Prompt:
Only the lines below from the one containing "2023年9月23日陕西省事业单位统考D类《职业能力倾向测试》题" through the last line should be set down, exactly as written and with no pictures.

··········

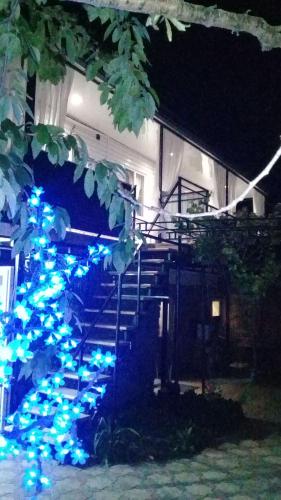 Фотографии гостевого дома
Юг-дом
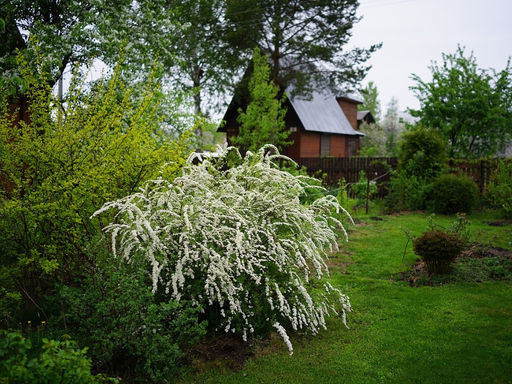 Спирея серая Грефшейм - Долина роз фото 5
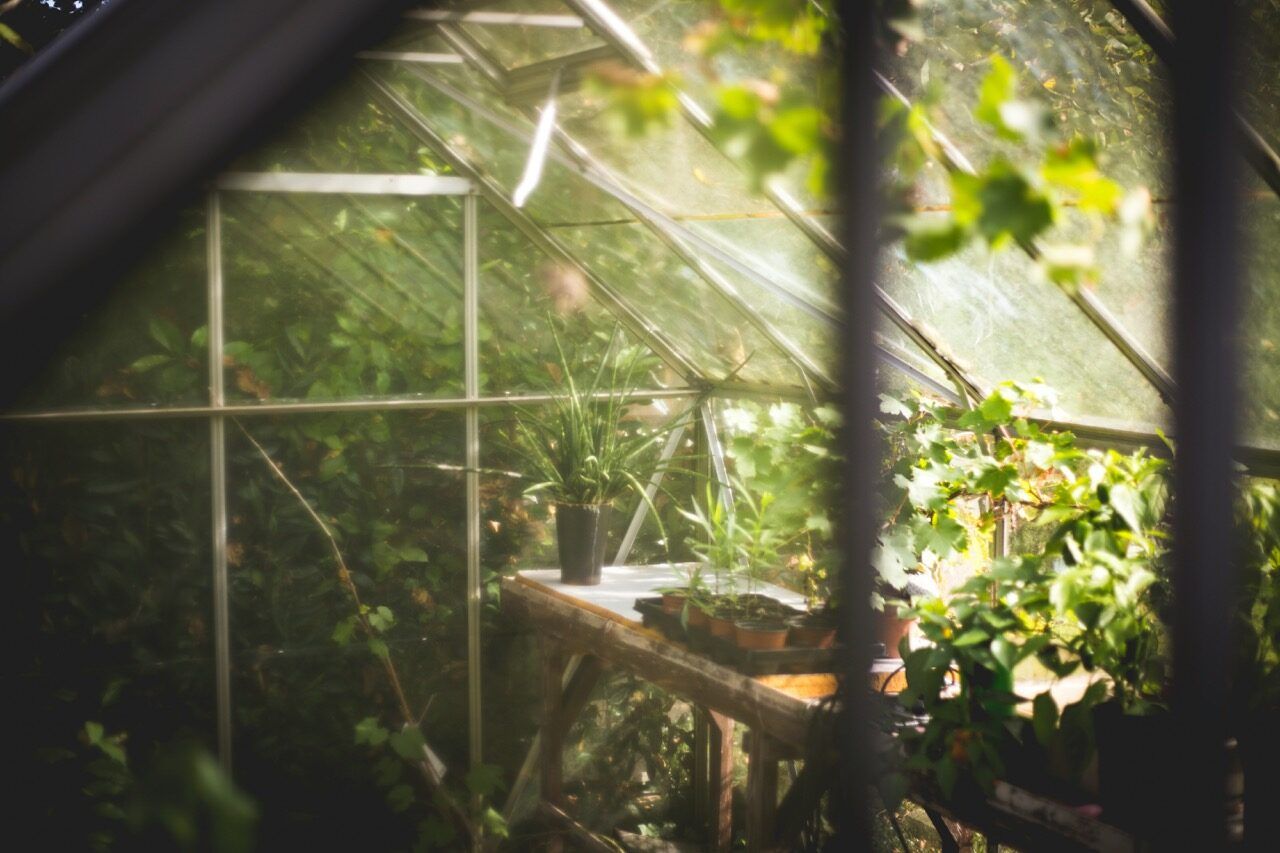 Sunbeams inside a greenhouse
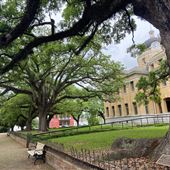 Woodville - Downtown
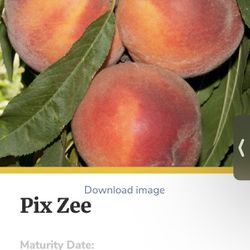 Dwarf Peach Tree: Pix Zee (miniature)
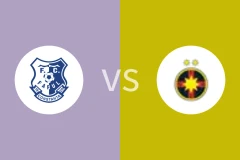 法鲁尔vs布加勒斯特星比分预测分析 2025/12/01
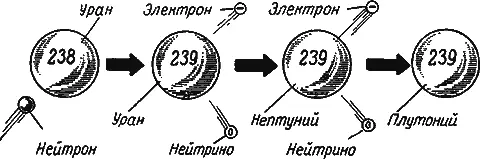 Рис 18Образование плутония 239 В настоящее время в лабораториях уже получено - фото 26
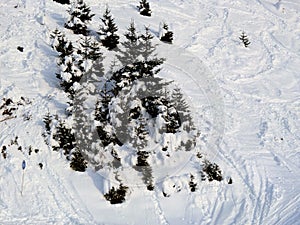 Group of pines on snowy track.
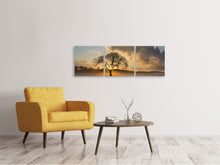 Laden Sie das Bild in den Galerie-Viewer, Panorama Leinwandbild 3-teilig Ein einsamer Baum
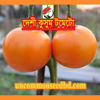 Picture of TY200. দেশী কুসুম টমেটো (20)/Deshi Kusum Tomato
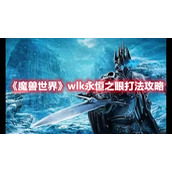 《魔兽世界》wlk永恒之眼打法攻略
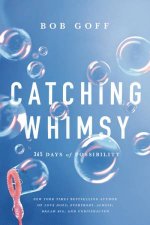 Catching Whimsy 365 Days Of Possibility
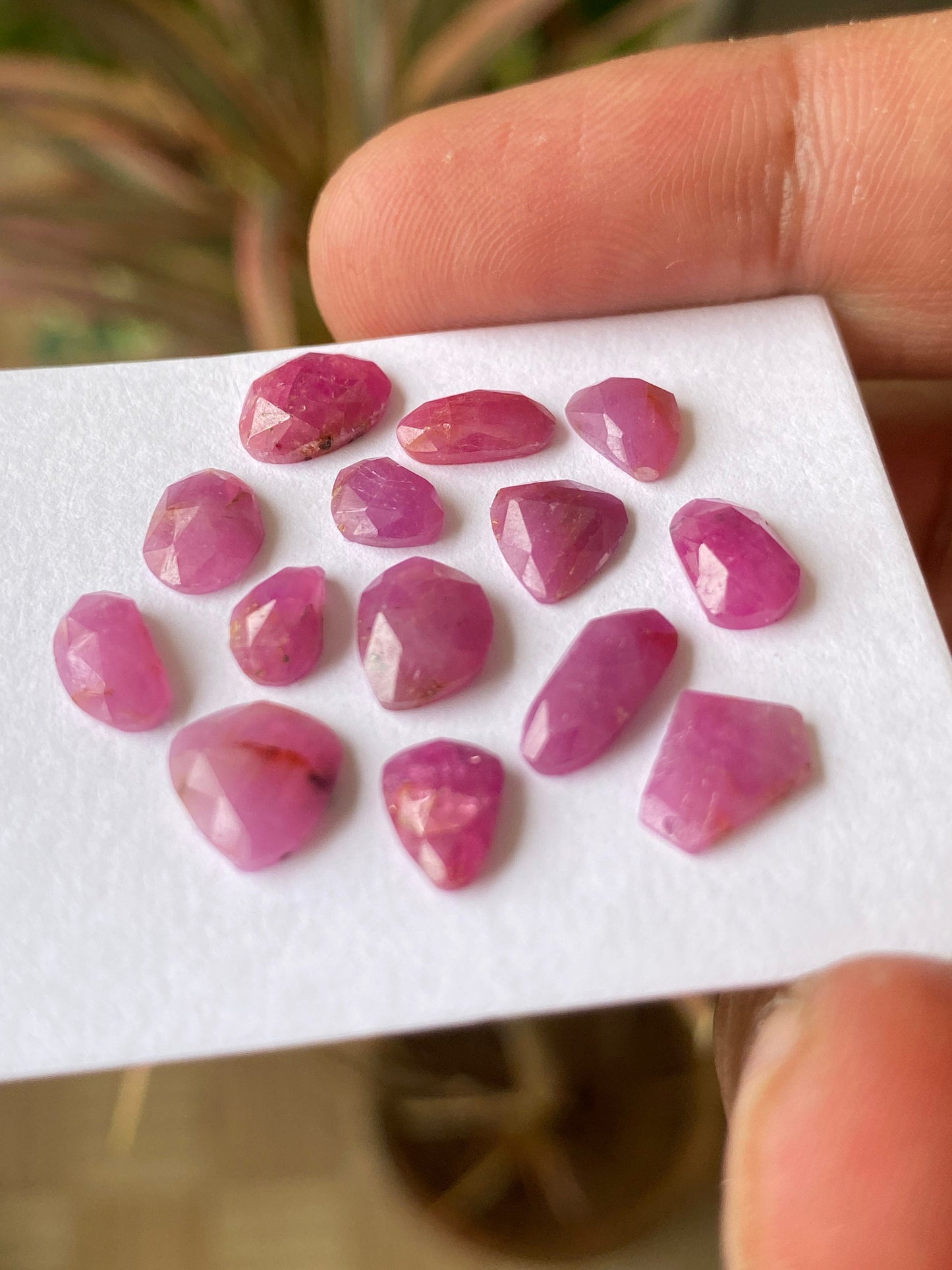 Very Rare natural unheated untreated ruby rosecut flats amazing color mixed shapes wt 16 cts  pcs 14 size ruby cut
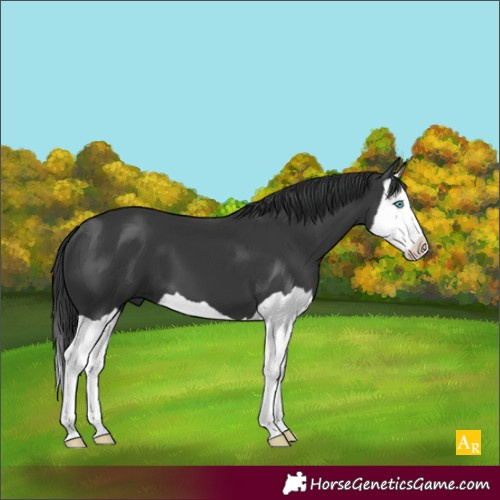Horse Color:Black Splash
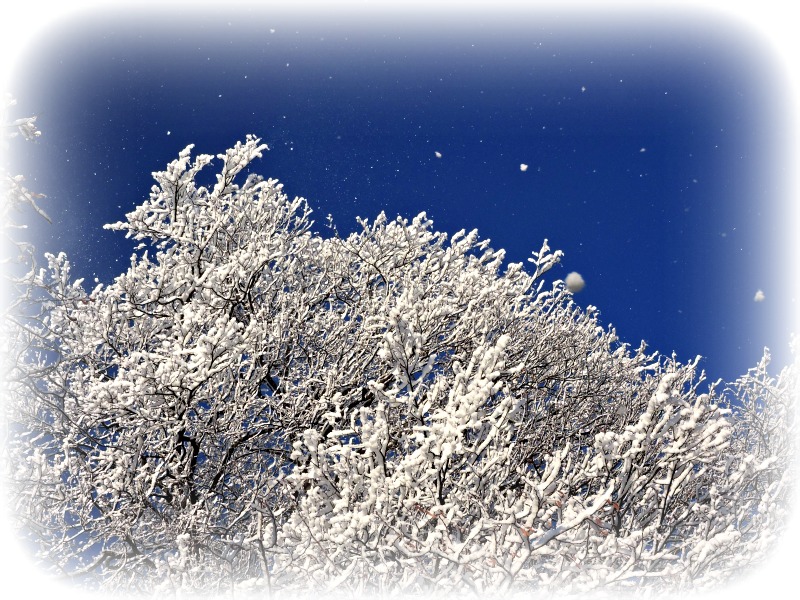Snow  DSCN2605xggpb
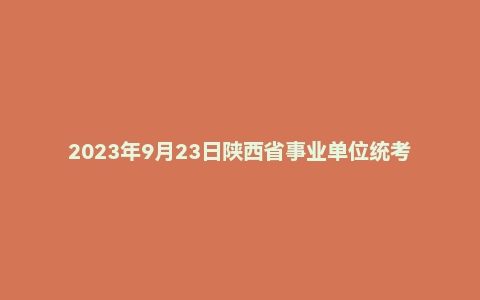 2023年9月23日陕西省事业单位统考D类《职业能力倾向测试》题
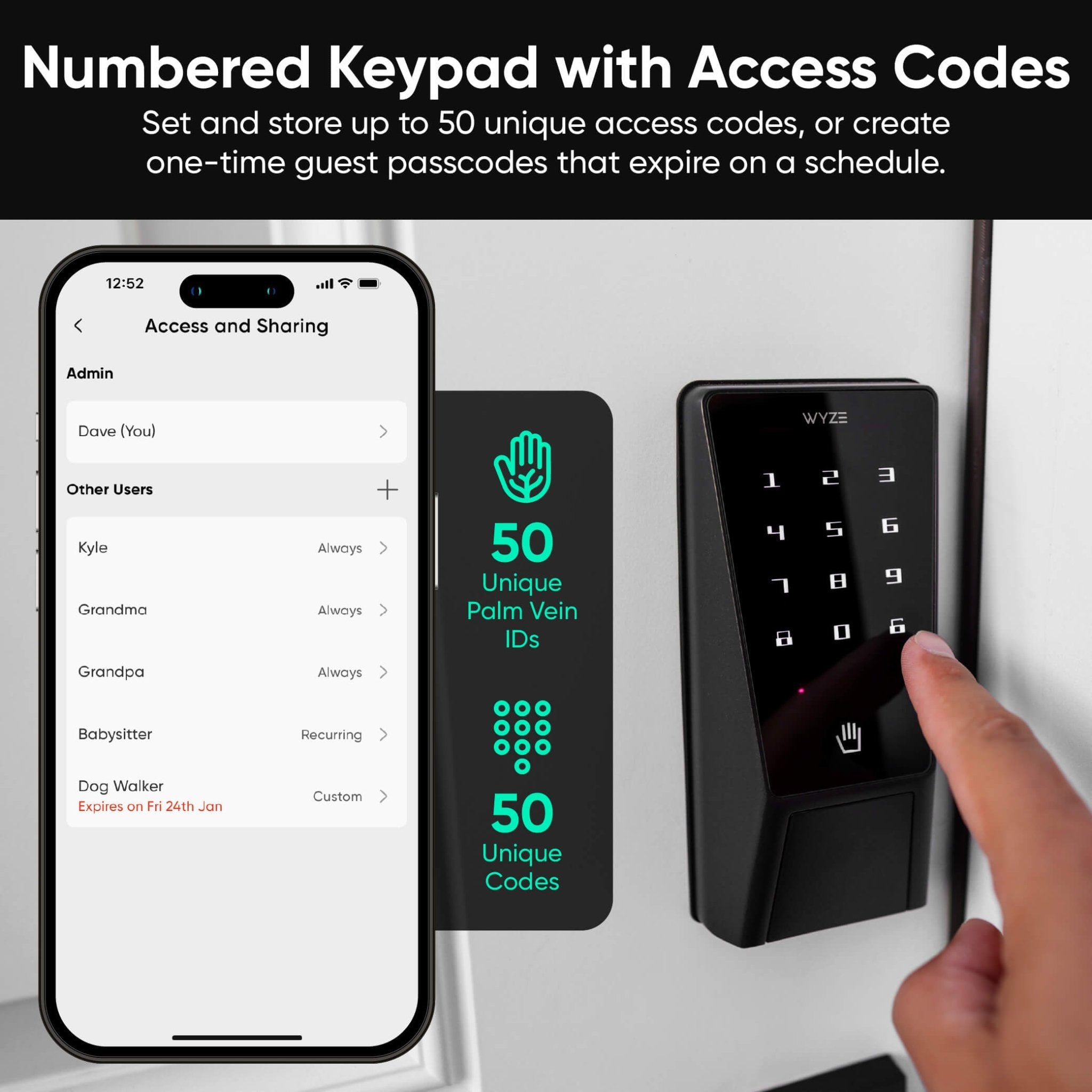 Fancy Palm Lock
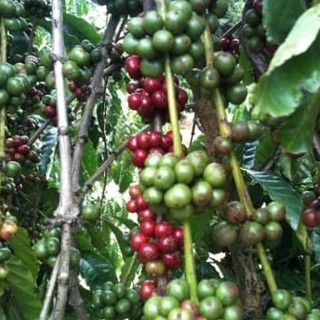 Cafe nguyên hạt robusta rang xay 500g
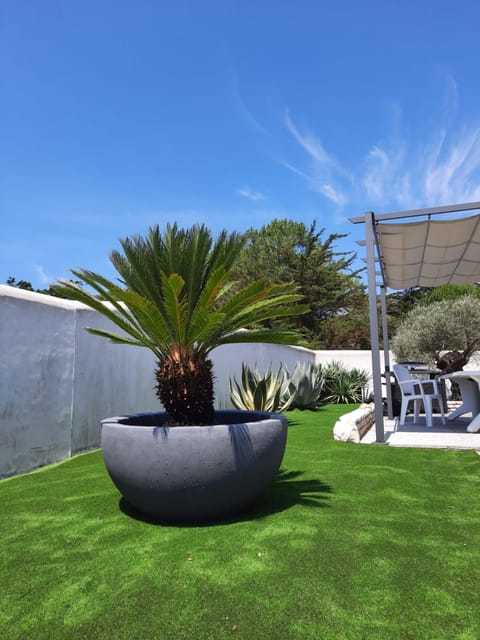 Patio, Garden, Balcony/Terrace, Garden view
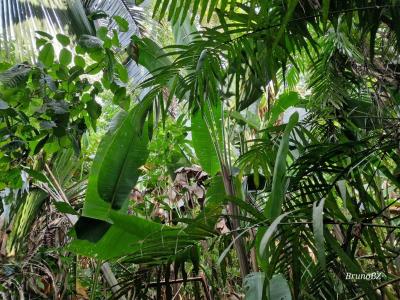 Blue Creek, Toledo 00001, Belize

··········

Reply to the task:
 2023年9月23日陕西省事业单位统考D类《职业能力倾向测试》题
 Fancy Palm Lock
 Cafe nguyên hạt robusta rang xay 500g
 Patio, Garden, Balcony/Terrace, Garden view
 Blue Creek, Toledo 00001, Belize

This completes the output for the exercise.